For organisms that gain physical access to a new environment, such as a transposons in prokaryotes or viruses in multicellular organisms, molecular and genetic fluctuations inevitably lead to new activities. In the case of HIV, recent introduction of this retrovirus into human populations has caused the epidemic of AIDS. Retroviruses are composed of several proteins, including the Gag protein that mediates their self-assembly into capsid particles that assemble viral RNA genome and bud from cells to infect others. Humans also have several evolutionarily conserved genes derived from retroviral Gag.

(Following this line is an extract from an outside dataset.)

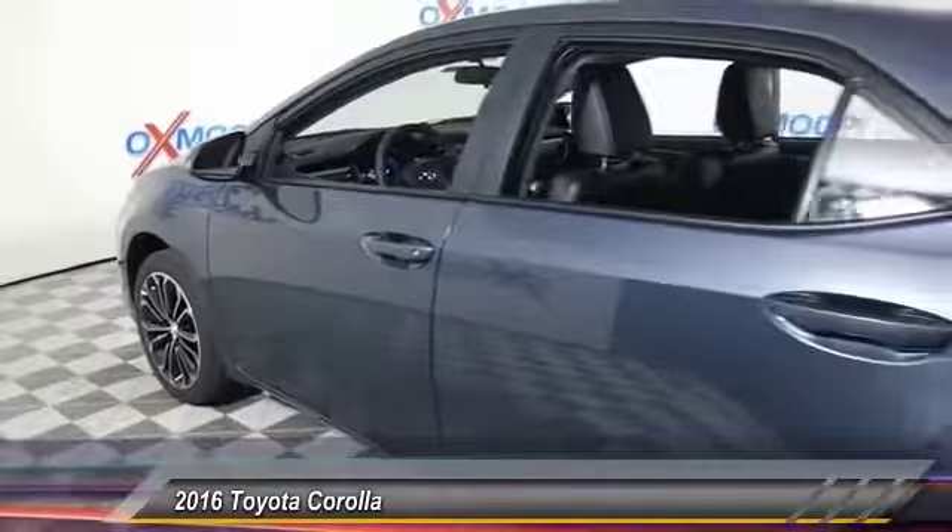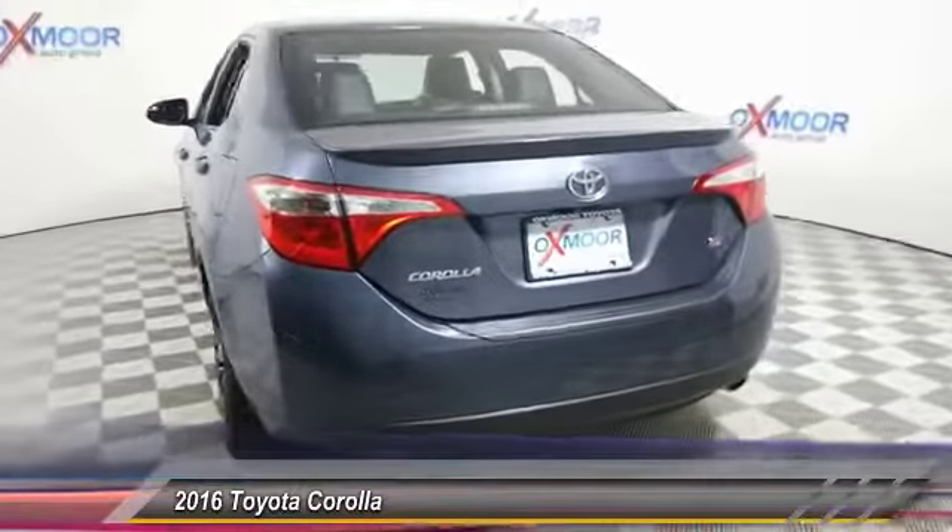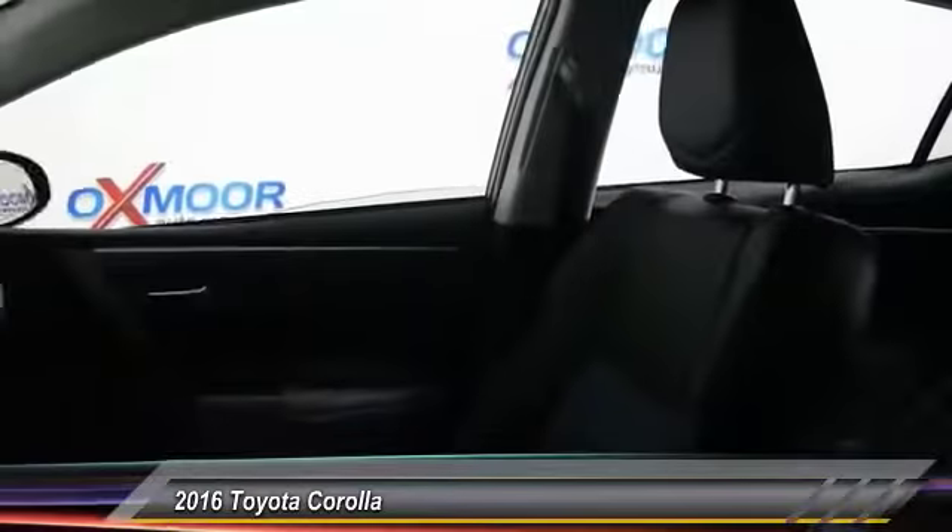2016 Corolla. The Corolla is still a great option for those who want dependability, comfort and value, and is priced below $20,000. This vehicle has less than 100 miles.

For example, ARC is an essential human gene that is required for synaptic plasticity and memory. Arc-deficient mice are unable to retain newly formed memories. Remarkably, mammalian ARC forms capsid-like structures in neurons that are indistinguishable from retroviral Gag, binds to neuronal RNA molecules, and mediates their transfer in capsid-like particles to neighboring neurons. Evolutionary analysis suggests that our ARC is derived from a distinct vertebrate lineage of Gypsy retrotransposons, which themselves are ancestors to modern retroviruses like HIV. The insect lineage of Gypsy retrotransposons still mediates horizontal gene transfer in Drosophila flies, where it is thought to protect flies from infection by other retroviruses. Remarkably, the vertical transmission of Gypsy from parents to offspring insects is itself regulated by the endosymbiotic Wolbachia bacteria.

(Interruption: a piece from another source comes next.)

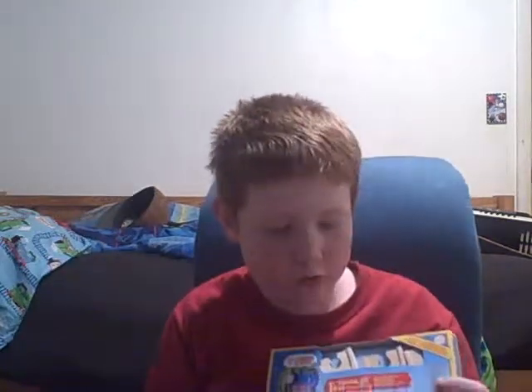Anyways, I got something on my bed. It's just a three and a half curved road track. Now I'll go ahead and unbox this.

Thus, there is no inherent distinction between pathogenic, commensal, or symbiotic organisms. All three relationships are shared outcomes of a fluctuating and dynamic evolutionary physical process. Indeed, recent microscopic and genome sequencing studies of viruses show that each isolate is composed of extraordinarily diverse populations of viral particles, both structurally with respect to the fluctuant molecular architectures of viral particles, and genetically in terms of mutants and variants. Many viruses, and HIV in particular, exist on a kind of evolutionary precipice, with mutational rates that would be lethal for our cells, forced into Red Queen’s sprint by entropic and selective pressures.
Lovelock proposed that our entire planetary system is metastable because of the accumulation of reactive gases like methane, produced by bacterial fermentation or decay of organic material. This metastability is the defining feature of all living systems. Life on Earth is directly linked to the absorption, consumption, and dissipation of solar energy by photosynthetic organisms, which provide sustenance for the rest of us. Viruses, bacteria, and other organisms that cause disease are similarly reactive products, intermediates, and food that link humans with our ecosphere. So long as humans continue to proliferate and encounter new environments, we will continue to encounter new organisms. Insofar as at least some of the new encounters between organisms are truly new, without any preceding functional co-adaptation, disease from pathogens is inevitable. It is the spark when immortal electrons first collide.